Extracted information Start Marker

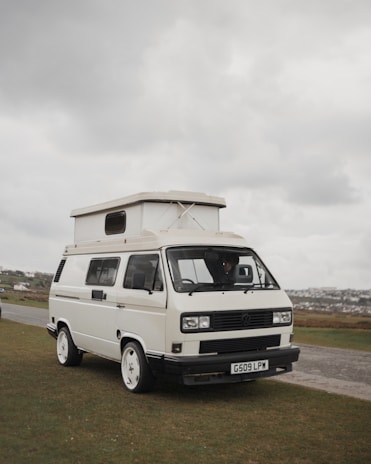 Close-up of hands working on vehicle documents with a camper van in the background.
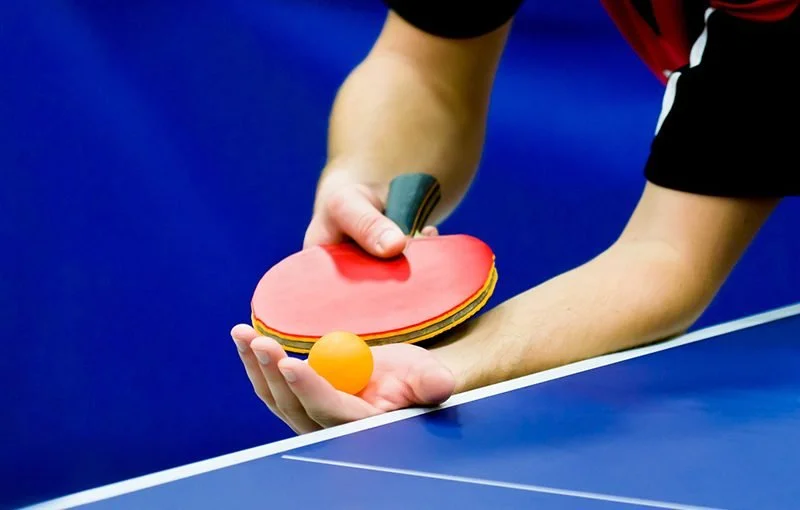 A person playing table tennis, holding a paddle in one hand and a ping pong ball in the other, by the blue table.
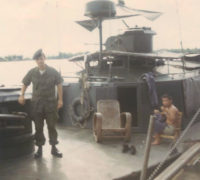 This is me (a lot younger and thinner) in fall of 1970 on the first VN boat I was assigned to. We are tied up to one of the Benewah's pontoons. It was anchored about 3 miles from the Cambodian border.  The alpha boat had "HQ5166" on the hull. The HQ was for "Hai Quan" which is Vietnamese for "Navy". I don't know if the 5166 had any significance  and I don't know what the American hull number was. I know the boat came from a unit at Dong Tam. My first outing was a real revelation. After about 80 years of war, the Vietnamese were in no hurry to make contact. They were content with staying in the widest part of the river and sit in their deck chairs.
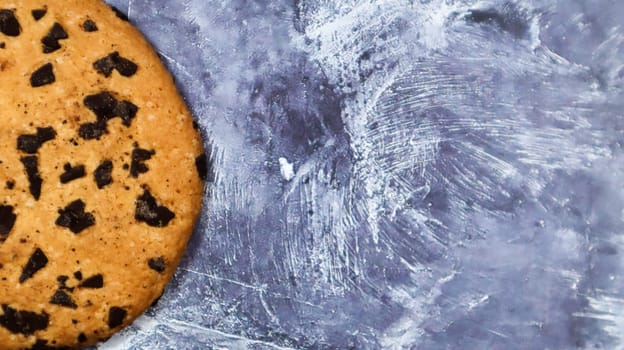 One soft, freshly baked chocolate chip cookie on a gray marble kitchen countertop. American traditional pastry, dessert. Delicious sweet food. Flat lay. Copy space.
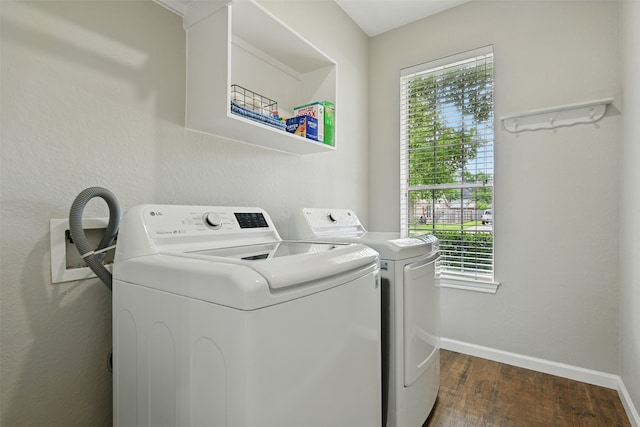 2833 Everett Dr, Friendswood, TX 77546 - clothes washing area with washer and clothes dryer, dark wood-style flooring, and baseboards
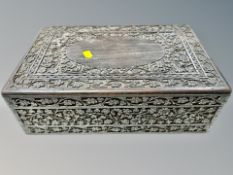 A heavily carved Anglo Indian jewellery box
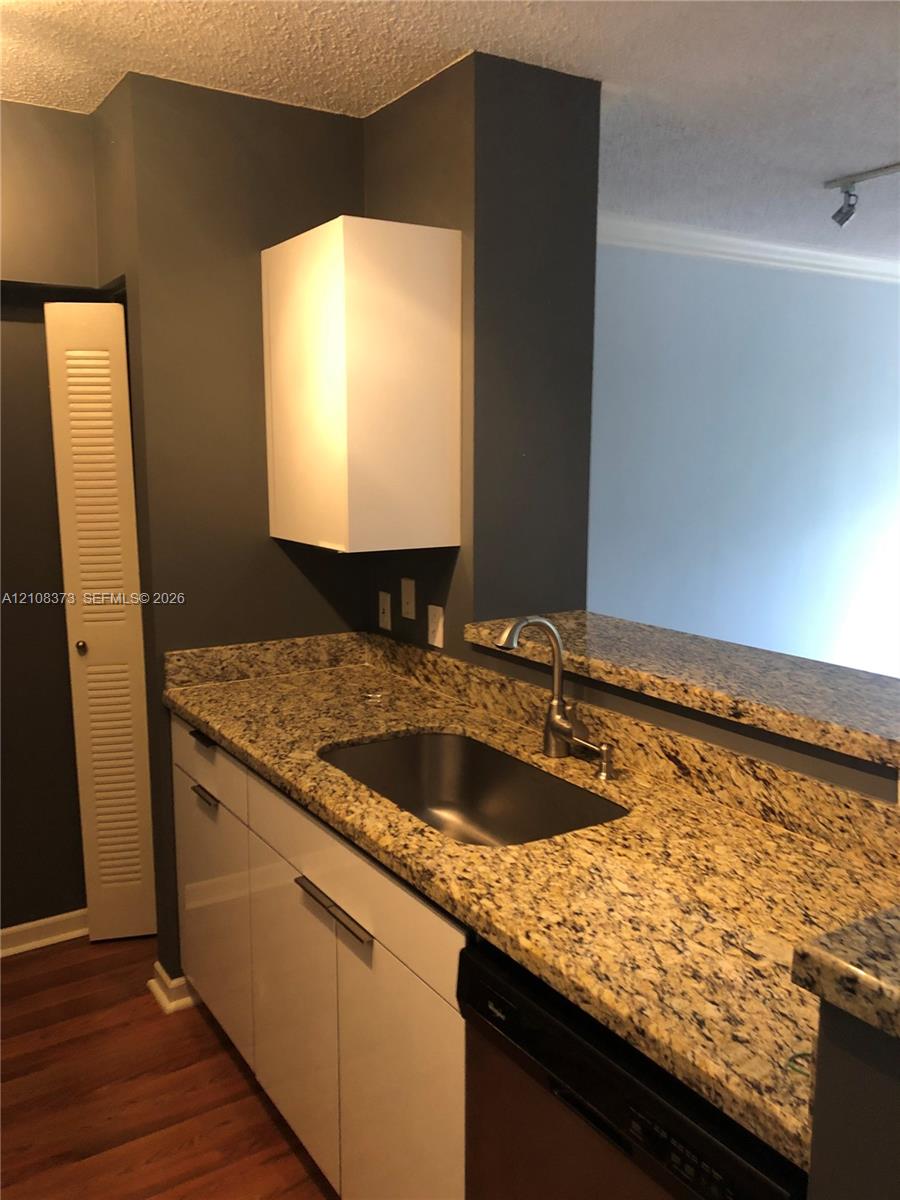 Kitchen featuring stone countertops, stainless steel undermount sink, gooseneck faucet, high-gloss white cabinetry, and wood-finish flooring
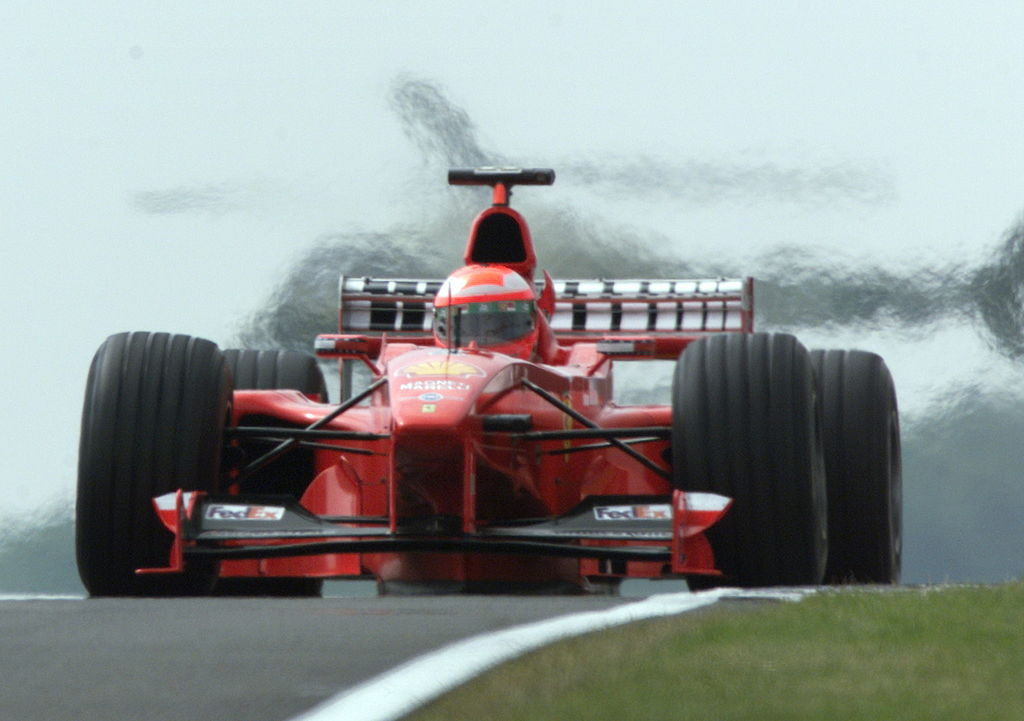 SILVERSTONE, UNITED KINGDOM: Irish driver Eddie Irvine steers his Ferrari on the Silverstone racetrack, 10 July1999 during the third free practice session, one day before the 50th British Formula One Grand Prix. (ELECTRONIC IMAGE) (Photo credit should read PATRICK HERTZOG/AFP/Getty Images)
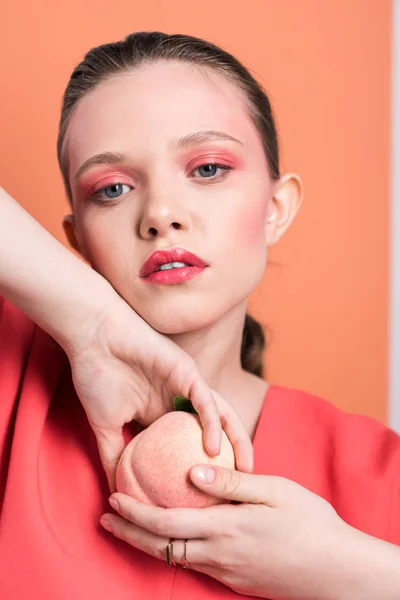 Beautiful fashionable girl holding peach, looking at camera and posing with living coral on background — Stock Photo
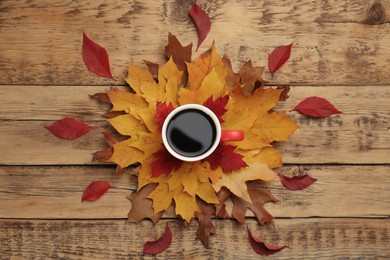 Cup of hot coffee and autumn leaves on wooden table, flat lay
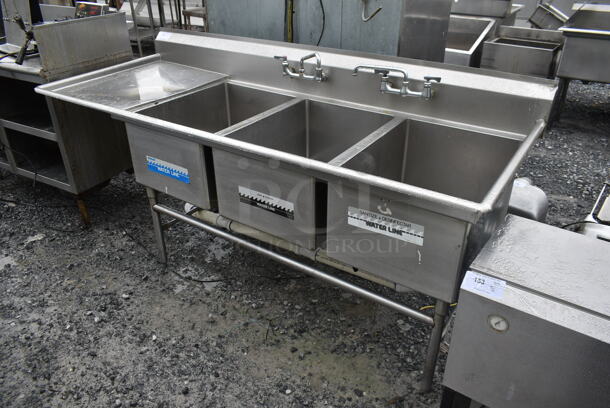 Stainless Steel Commercial 3 Bay Sink w/ Left Side Drain Board, 2 Faucets and 2 Handle Sets. Bays 20x28. Drain Boards 22x31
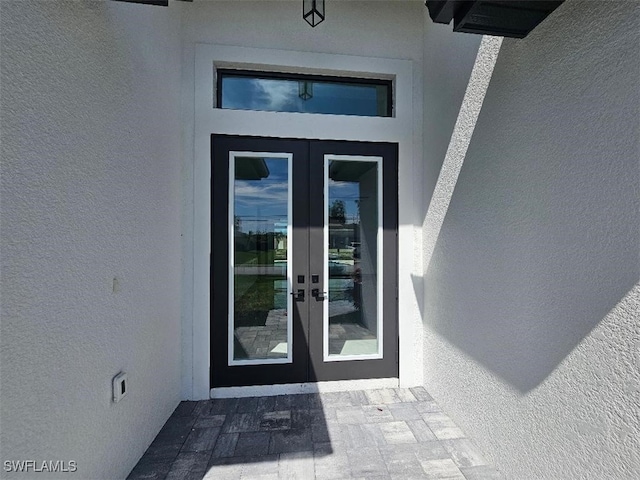 property entrance featuring french doors and stucco siding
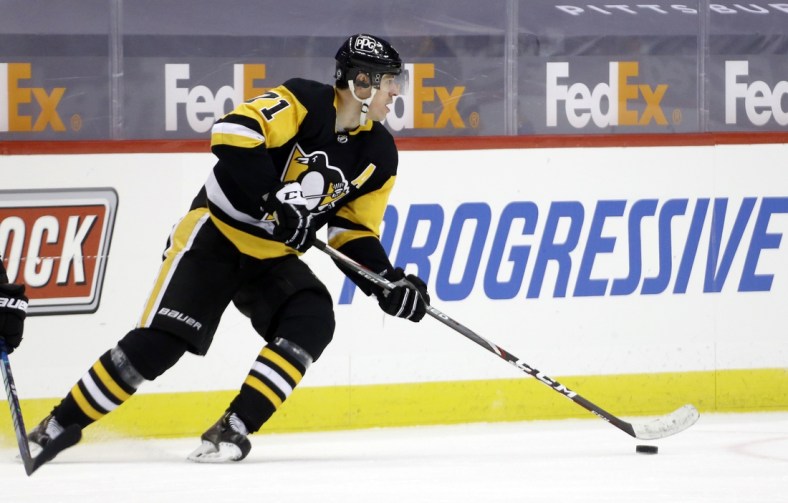 Mar 15, 2021; Pittsburgh, Pennsylvania, USA;  Pittsburgh Penguins center Evgeni Malkin (71) moves the puck against the Boston Bruins during the third period at PPG Paints Arena. Pittsburgh won 4-1 Mandatory Credit: Charles LeClaire-USA TODAY Sports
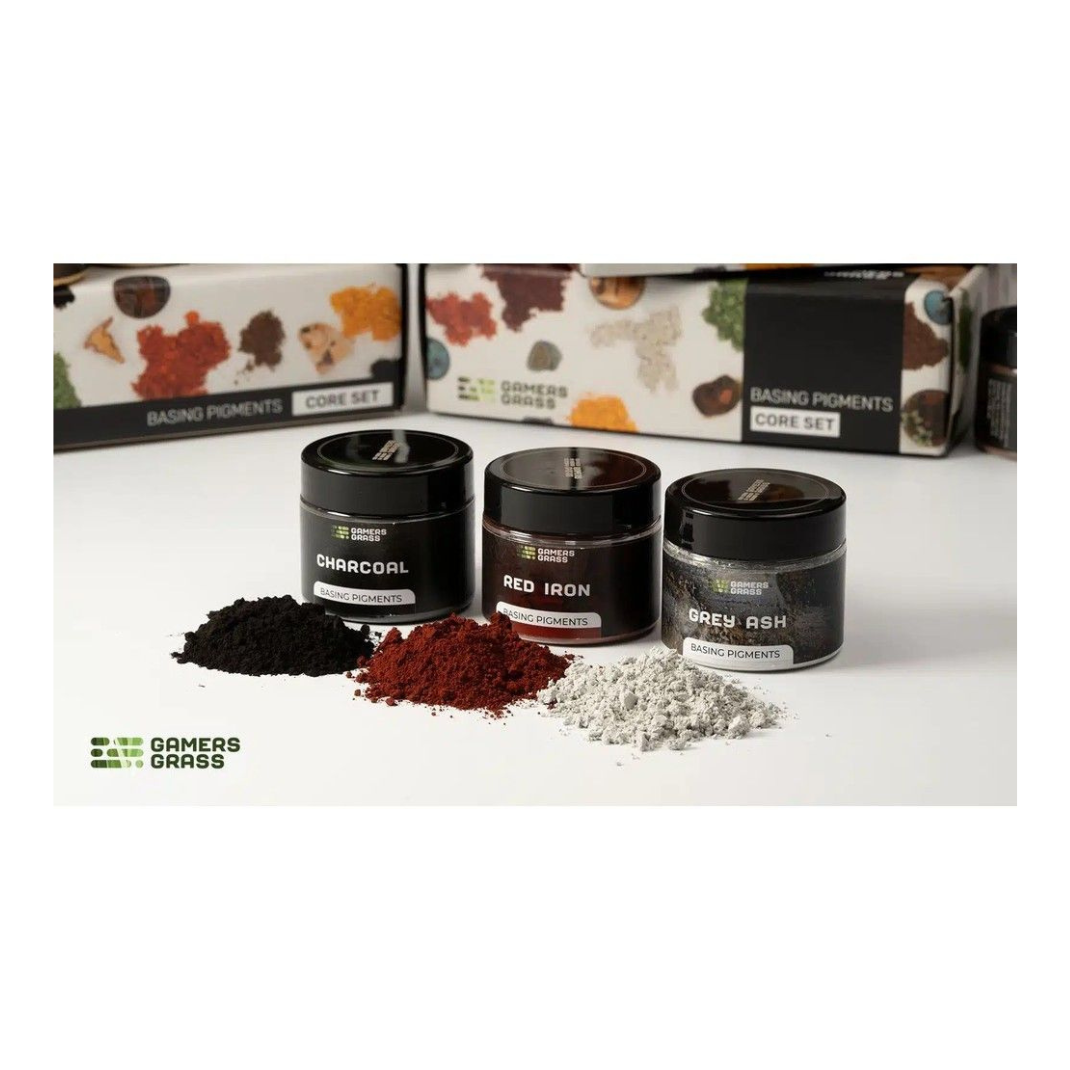 Three jars labeled 'Charcoal', 'Red Iron', and 'Gray Ash' with their respective powders on a white surface, featuring the brand 'Gamer's Grass'.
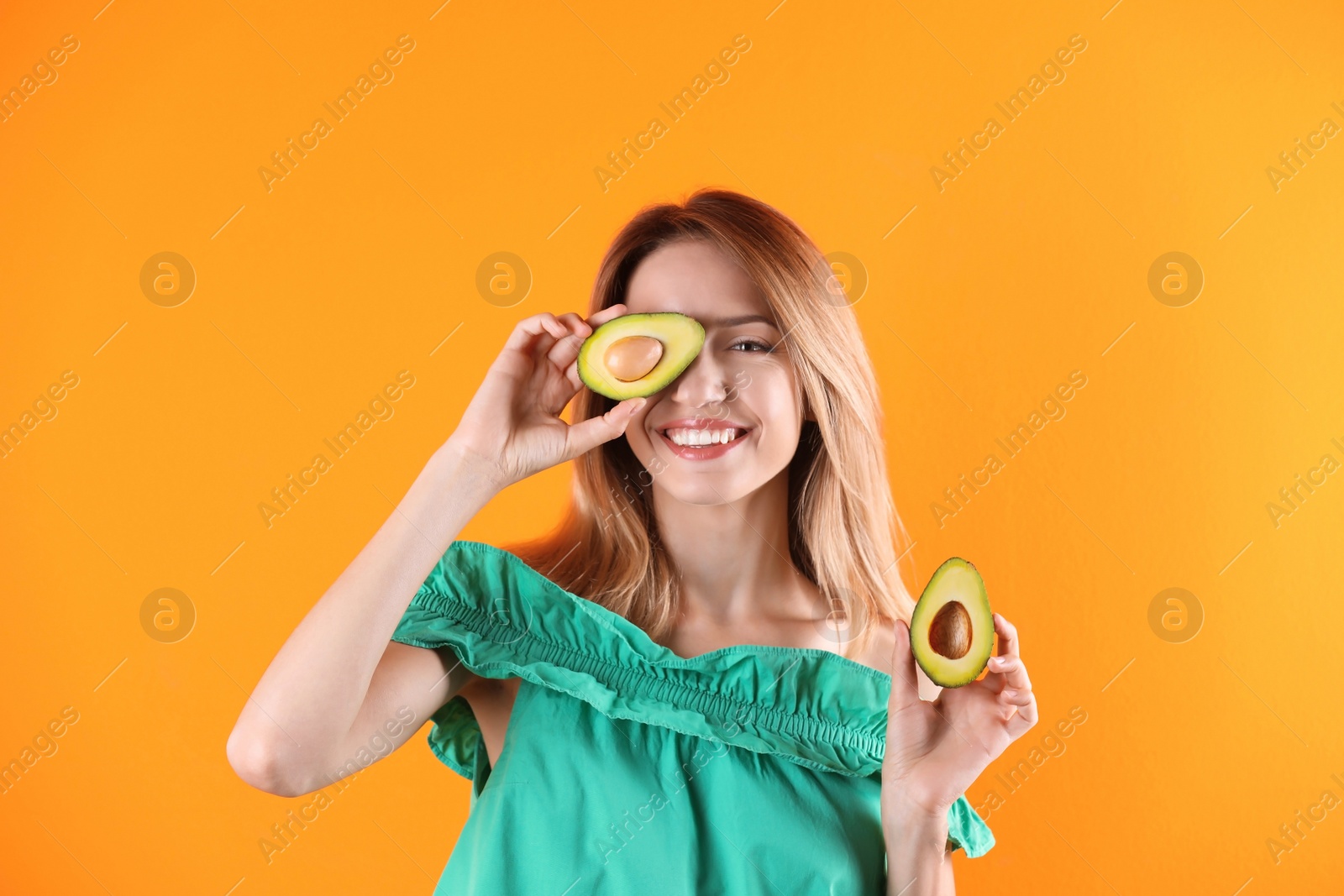 Photo of Portrait of young beautiful woman with ripe delicious avocado on color background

Extracted information End Marker

Output the listing exactly, pictures excluded.

 Close-up of hands working on vehicle documents with a camper van in the background.
 A person playing table tennis, holding a paddle in one hand and a ping pong ball in the other, by the blue table.
 This is me (a lot younger and thinner) in fall of 1970 on the first VN boat I was assigned to. We are tied up to one of the Benewah's pontoons. It was anchored about 3 miles from the Cambodian border.  The alpha boat had "HQ5166" on the hull. The HQ was for "Hai Quan" which is Vietnamese for "Navy". I don't know if the 5166 had any significance  and I don't know what the American hull number was. I know the boat came from a unit at Dong Tam. My first outing was a real revelation. After about 80 years of war, the Vietnamese were in no hurry to make contact. They were content with staying in the widest part of the river and sit in their deck chairs.
 One soft, freshly baked chocolate chip cookie on a gray marble kitchen countertop. American traditional pastry, dessert. Delicious sweet food. Flat lay. Copy space.
 2833 Everett Dr, Friendswood, TX 77546 - clothes washing area with washer and clothes dryer, dark wood-style flooring, and baseboards
 A heavily carved Anglo Indian jewellery box
 Kitchen featuring stone countertops, stainless steel undermount sink, gooseneck faucet, high-gloss white cabinetry, and wood-finish flooring
 SILVERSTONE, UNITED KINGDOM: Irish driver Eddie Irvine steers his Ferrari on the Silverstone racetrack, 10 July1999 during the third free practice session, one day before the 50th British Formula One Grand Prix. (ELECTRONIC IMAGE) (Photo credit should read PATRICK HERTZOG/AFP/Getty Images)
 Beautiful fashionable girl holding peach, looking at camera and posing with living coral on background — Stock Photo
 Cup of hot coffee and autumn leaves on wooden table, flat lay
 Stainless Steel Commercial 3 Bay Sink w/ Left Side Drain Board, 2 Faucets and 2 Handle Sets. Bays 20x28. Drain Boards 22x31
 property entrance featuring french doors and stucco siding
 Mar 15, 2021; Pittsburgh, Pennsylvania, USA;  Pittsburgh Penguins center Evgeni Malkin (71) moves the puck against the Boston Bruins during the third period at PPG Paints Arena. Pittsburgh won 4-1 Mandatory Credit: Charles LeClaire-USA TODAY Sports
 Three jars labeled 'Charcoal', 'Red Iron', and 'Gray Ash' with their respective powders on a white surface, featuring the brand 'Gamer's Grass'.
 Photo of Portrait of young beautiful woman with ripe delicious avocado on color background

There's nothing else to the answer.